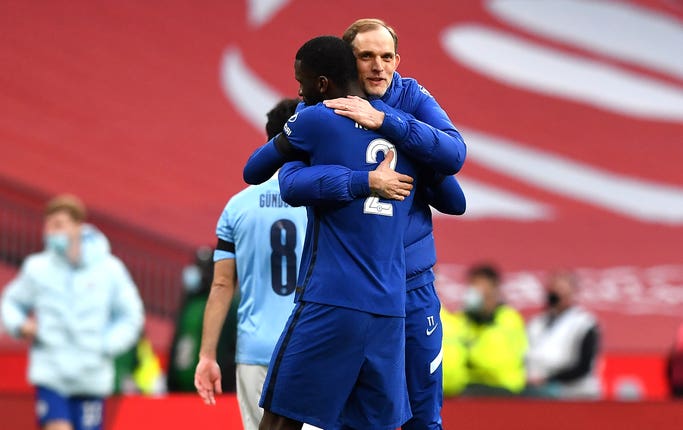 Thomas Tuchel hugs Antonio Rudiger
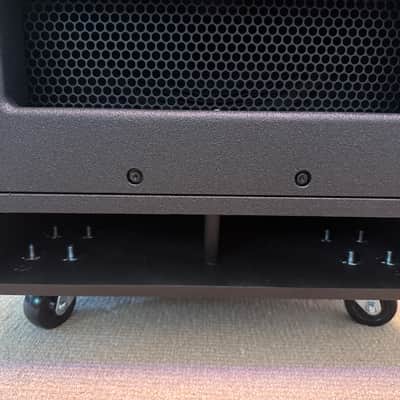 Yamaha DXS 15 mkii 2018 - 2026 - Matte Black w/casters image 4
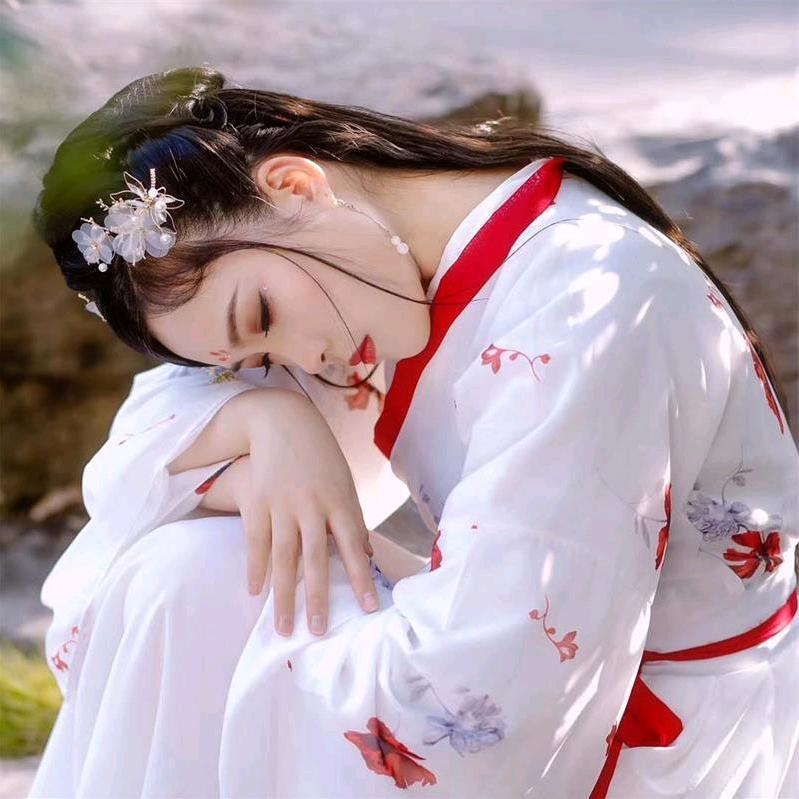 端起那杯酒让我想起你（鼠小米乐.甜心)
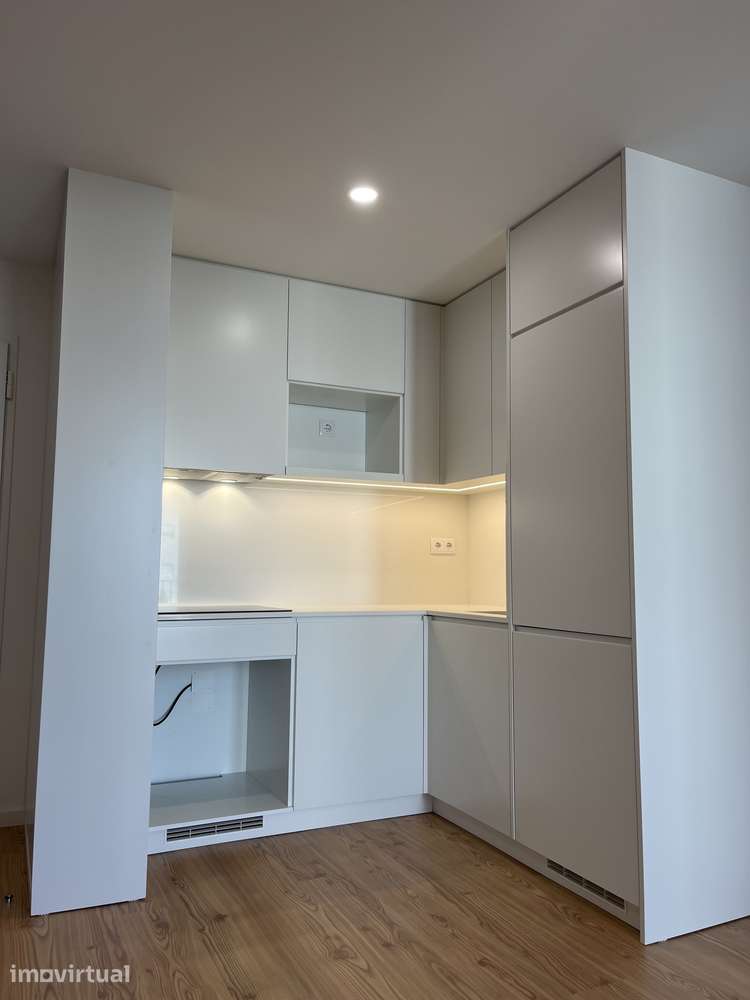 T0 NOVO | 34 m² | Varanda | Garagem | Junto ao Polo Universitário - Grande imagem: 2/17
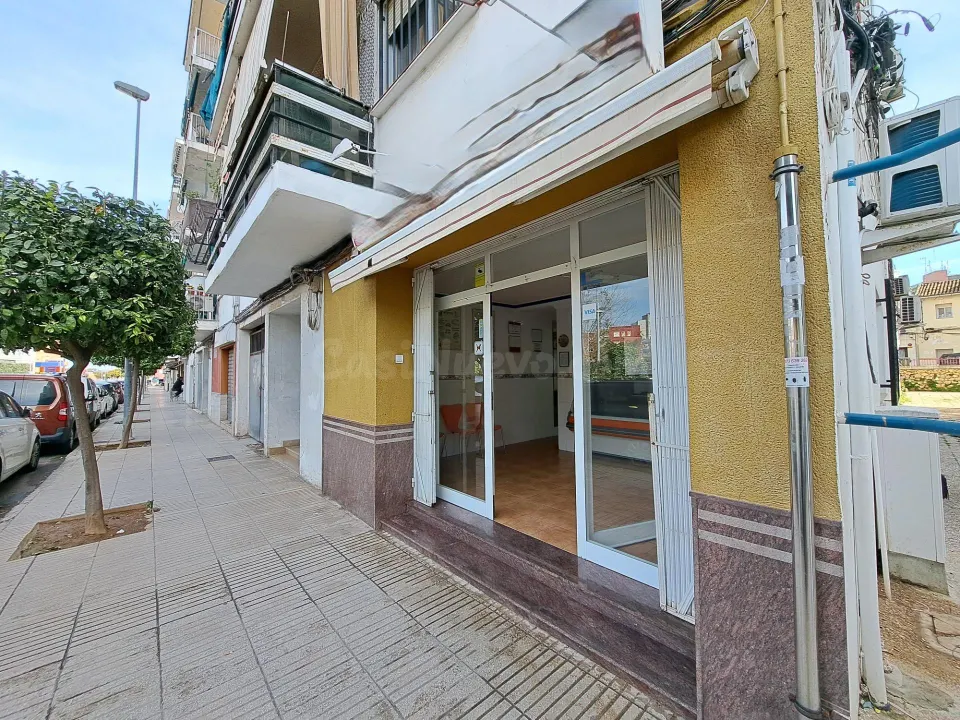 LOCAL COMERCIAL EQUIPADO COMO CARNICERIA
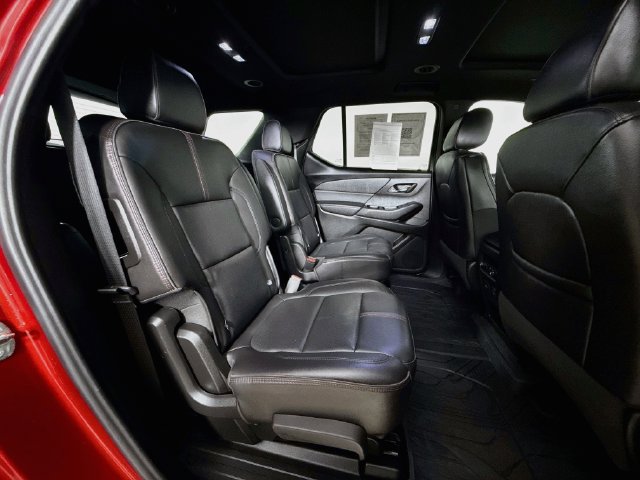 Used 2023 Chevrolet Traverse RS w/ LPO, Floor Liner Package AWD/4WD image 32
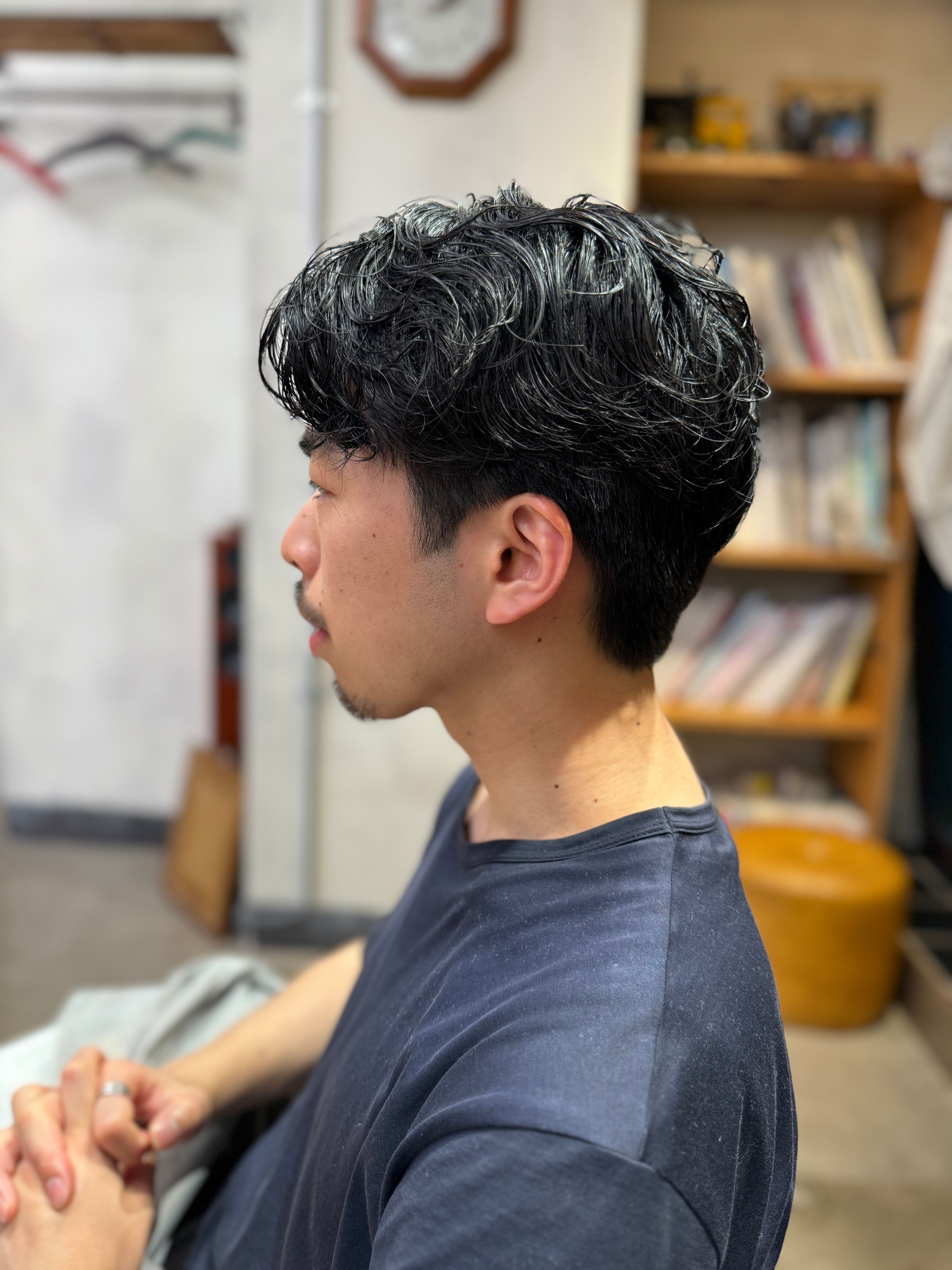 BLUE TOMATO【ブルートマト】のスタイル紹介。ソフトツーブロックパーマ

## Work instruction
Everything from the line containing "LOCAL COMERCIAL EQUIPADO COMO CARNICERIA" to the last line of the listing above must be reproduced exactly, with no pictures included.

## Expected answer
 LOCAL COMERCIAL EQUIPADO COMO CARNICERIA
 Used 2023 Chevrolet Traverse RS w/ LPO, Floor Liner Package AWD/4WD image 32
 BLUE TOMATO【ブルートマト】のスタイル紹介。ソフトツーブロックパーマ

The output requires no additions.